Harnessing Models of Users' Goals to Mediate Clarification Dialog in Spoken Language Systems

Eric Horvitz and Tim Paek

Adaptive Systems & Interaction
Microsoft Research
Redmond, Washington 98052-6399

Access postscript or pdf file.


Speaker-independent speech recognition systems are being used with increasing frequency for command and control applications. To date, users of such systems must contend with their fragility to subtle changes in language usage and environmental acoustics. We describe work on coupling speech recognition systems with temporal probabilistic user models that provide inferences about the intentions associated with utterances. The methods can be employed to enhance the robustness of speech recognition by endowing systems with an ability to reason about the costs and benefits of action in a setting and to make decisions about the best action to take given uncertainty about the meaning behind acoustic signals. The methods have been implemented in the form of a dialog clarification module that can be integrated with legacy spoken language systems. We describe representation and inference procedures and present details on the operation of an implemented spoken command and control development environment called DeepListener.

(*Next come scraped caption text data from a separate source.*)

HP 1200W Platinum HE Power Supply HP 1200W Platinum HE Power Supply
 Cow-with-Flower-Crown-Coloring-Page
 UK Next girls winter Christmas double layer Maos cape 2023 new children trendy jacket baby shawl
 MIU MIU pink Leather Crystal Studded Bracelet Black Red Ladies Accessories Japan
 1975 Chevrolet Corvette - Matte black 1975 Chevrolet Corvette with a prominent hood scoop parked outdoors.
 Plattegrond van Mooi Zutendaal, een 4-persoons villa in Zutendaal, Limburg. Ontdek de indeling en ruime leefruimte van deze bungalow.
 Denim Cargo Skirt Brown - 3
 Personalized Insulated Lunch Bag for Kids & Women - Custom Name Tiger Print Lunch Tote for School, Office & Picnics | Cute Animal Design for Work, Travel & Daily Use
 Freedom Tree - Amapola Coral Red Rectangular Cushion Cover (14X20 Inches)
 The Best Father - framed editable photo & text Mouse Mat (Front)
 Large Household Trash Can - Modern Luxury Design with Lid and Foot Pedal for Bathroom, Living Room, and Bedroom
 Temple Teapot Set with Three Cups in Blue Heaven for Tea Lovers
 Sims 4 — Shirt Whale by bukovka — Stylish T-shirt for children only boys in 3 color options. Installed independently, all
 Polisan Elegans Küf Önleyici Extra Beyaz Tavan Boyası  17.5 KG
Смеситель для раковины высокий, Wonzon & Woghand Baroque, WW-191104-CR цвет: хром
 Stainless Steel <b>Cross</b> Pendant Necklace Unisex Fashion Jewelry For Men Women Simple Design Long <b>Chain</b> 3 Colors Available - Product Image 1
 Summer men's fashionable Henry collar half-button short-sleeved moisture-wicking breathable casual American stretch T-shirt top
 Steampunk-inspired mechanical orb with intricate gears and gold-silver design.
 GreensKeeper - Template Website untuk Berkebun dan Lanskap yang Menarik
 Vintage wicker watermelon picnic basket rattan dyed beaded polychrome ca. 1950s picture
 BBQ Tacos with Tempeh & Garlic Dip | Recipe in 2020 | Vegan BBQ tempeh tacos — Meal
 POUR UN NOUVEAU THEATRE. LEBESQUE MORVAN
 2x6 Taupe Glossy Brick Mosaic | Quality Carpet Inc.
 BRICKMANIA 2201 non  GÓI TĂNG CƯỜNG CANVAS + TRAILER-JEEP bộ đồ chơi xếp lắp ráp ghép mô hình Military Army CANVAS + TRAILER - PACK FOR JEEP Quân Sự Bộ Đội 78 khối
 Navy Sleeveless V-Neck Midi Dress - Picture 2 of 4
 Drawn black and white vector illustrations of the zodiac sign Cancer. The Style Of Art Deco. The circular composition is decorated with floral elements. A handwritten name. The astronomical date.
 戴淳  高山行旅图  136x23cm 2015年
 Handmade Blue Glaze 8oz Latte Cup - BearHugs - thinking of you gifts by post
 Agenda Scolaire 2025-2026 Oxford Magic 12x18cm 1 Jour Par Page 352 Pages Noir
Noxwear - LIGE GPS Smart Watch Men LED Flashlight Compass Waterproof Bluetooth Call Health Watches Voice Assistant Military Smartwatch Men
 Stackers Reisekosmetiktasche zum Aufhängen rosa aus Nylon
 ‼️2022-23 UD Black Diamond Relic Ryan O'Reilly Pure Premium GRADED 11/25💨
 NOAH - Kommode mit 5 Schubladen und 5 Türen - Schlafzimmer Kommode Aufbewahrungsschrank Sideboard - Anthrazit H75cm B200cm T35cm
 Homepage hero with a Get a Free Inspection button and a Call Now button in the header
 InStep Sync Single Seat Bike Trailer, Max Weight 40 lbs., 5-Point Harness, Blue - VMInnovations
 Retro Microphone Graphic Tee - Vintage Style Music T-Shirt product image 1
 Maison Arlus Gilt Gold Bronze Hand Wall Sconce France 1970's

Keywords: Dialog systems, clarification dialog, spoken command and control, speech recognition, conversational systems

In: Proceedings of the Eighth Conference on User Modeling, Sonthofen, Germany, July 2001.

Author Email: horvitz@microsoft.com, timpaek@microsoft.com

Figure: Top Left: Beliefs about a user's intentions over a three-step interaction in a noisy environment. Top Right: Expected utilities inferred over the interaction, converging on an invocation of service. Bottom: Behavior of DeepListener at steps 2 and 3 of this session.

Figure: Troubleshooting of conversation following clarification dialog demonstrating communication of a summary of DeepListener's time-varying beliefs about a user's intentions.